### [EXTRACTED RECORDS]
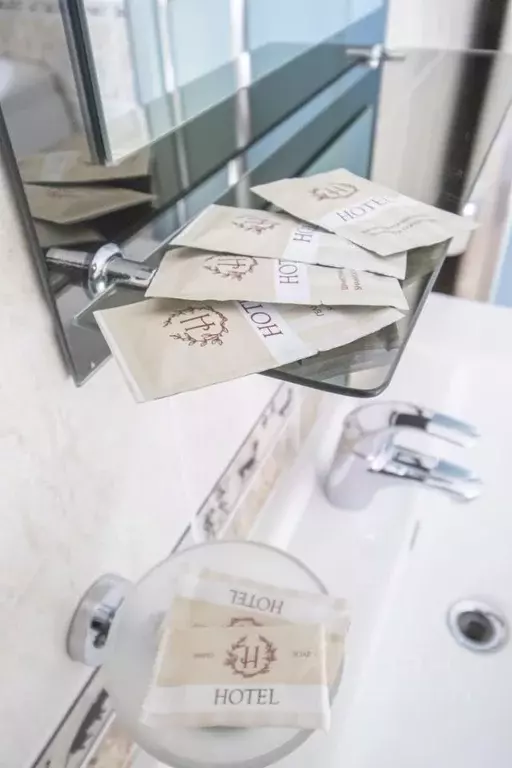 Комната Саратовская область, Саратов ул. 2-я Садовая, 9 (35.0 м) - Фото 2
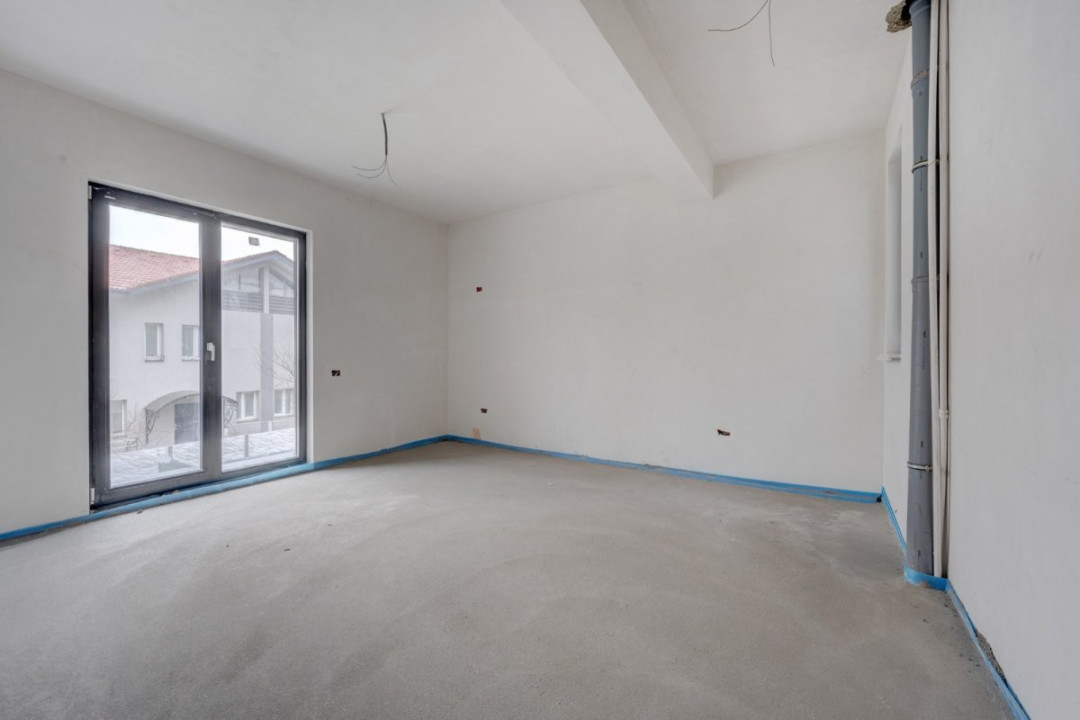 Casa se preda finisata - 4 bai - 3 dormitoare - curte - parcare -  metrou Păcii 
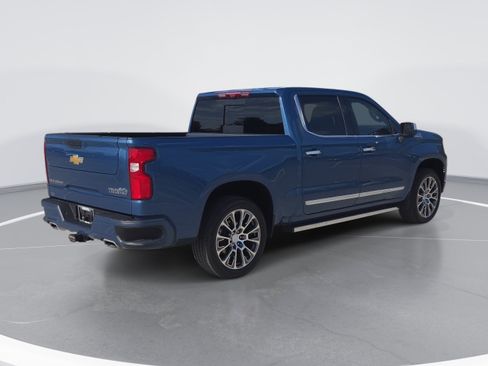Used 2024 Chevrolet Silverado 1500 High Country w/ High Country Premium Package AWD/4WD image 3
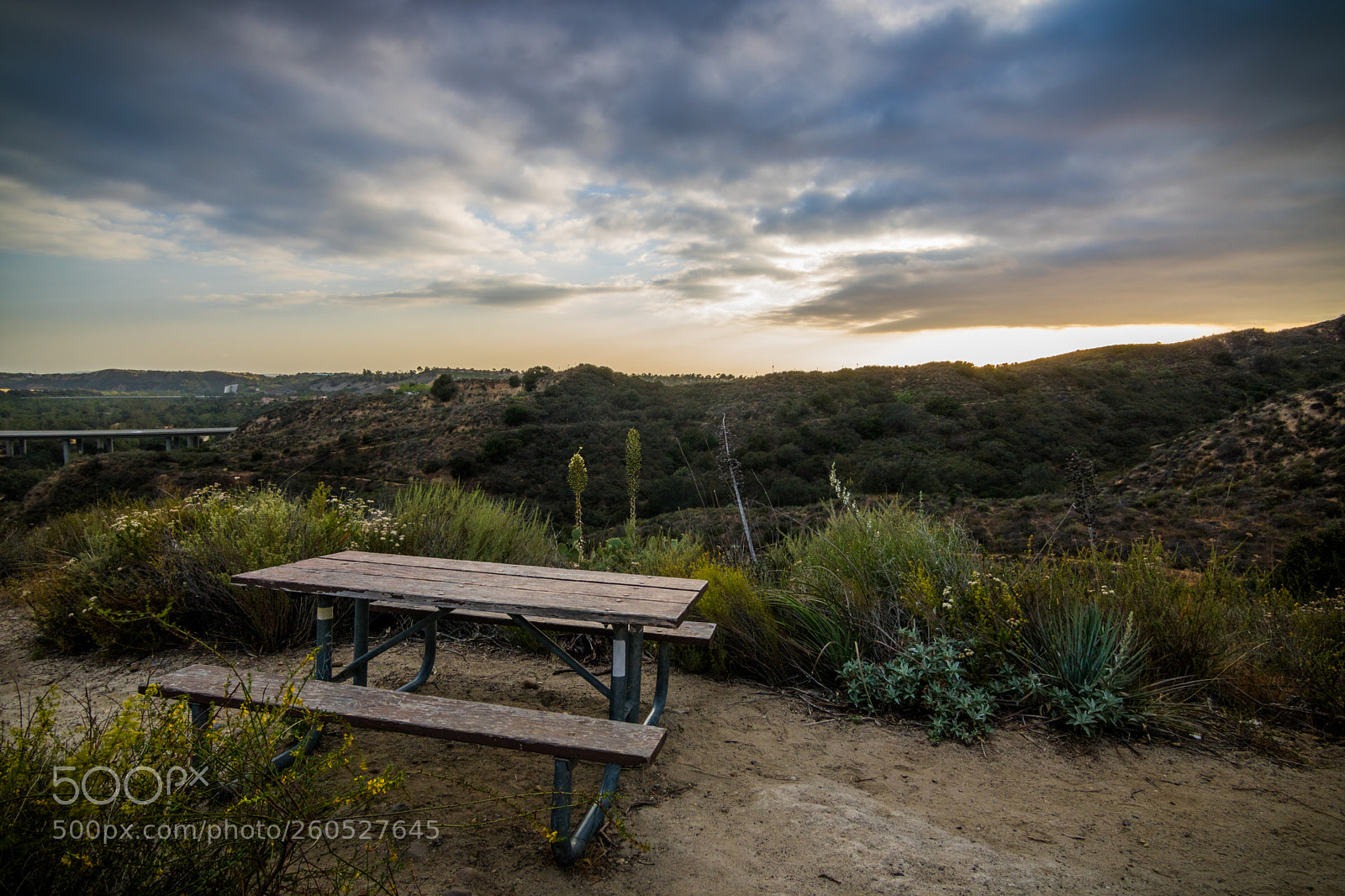 Canon EOS 750D (EOS Rebel T6i / EOS Kiss X8i) sample photo. Sunset w/ table photography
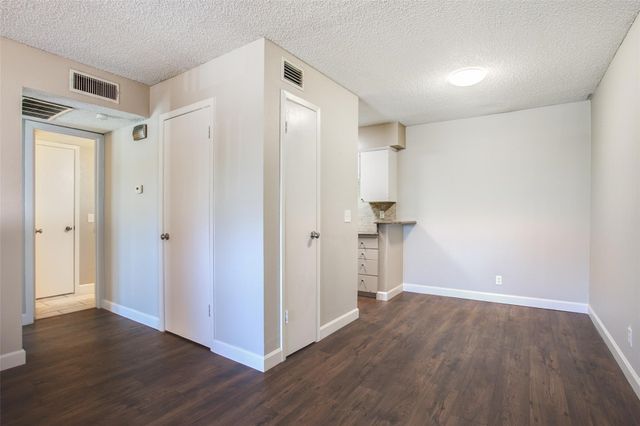 4859 Cedar Springs Road 336, Dallas, TX 75219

### [ASSIGNMENT]
Leave out the pictures and return the rest of the records exactly.

### [YOUR RESPONSE]
 Комната Саратовская область, Саратов ул. 2-я Садовая, 9 (35.0 м) - Фото 2
 Casa se preda finisata - 4 bai - 3 dormitoare - curte - parcare -  metrou Păcii 
Used 2024 Chevrolet Silverado 1500 High Country w/ High Country Premium Package AWD/4WD image 3
 Canon EOS 750D (EOS Rebel T6i / EOS Kiss X8i) sample photo. Sunset w/ table photography
 4859 Cedar Springs Road 336, Dallas, TX 75219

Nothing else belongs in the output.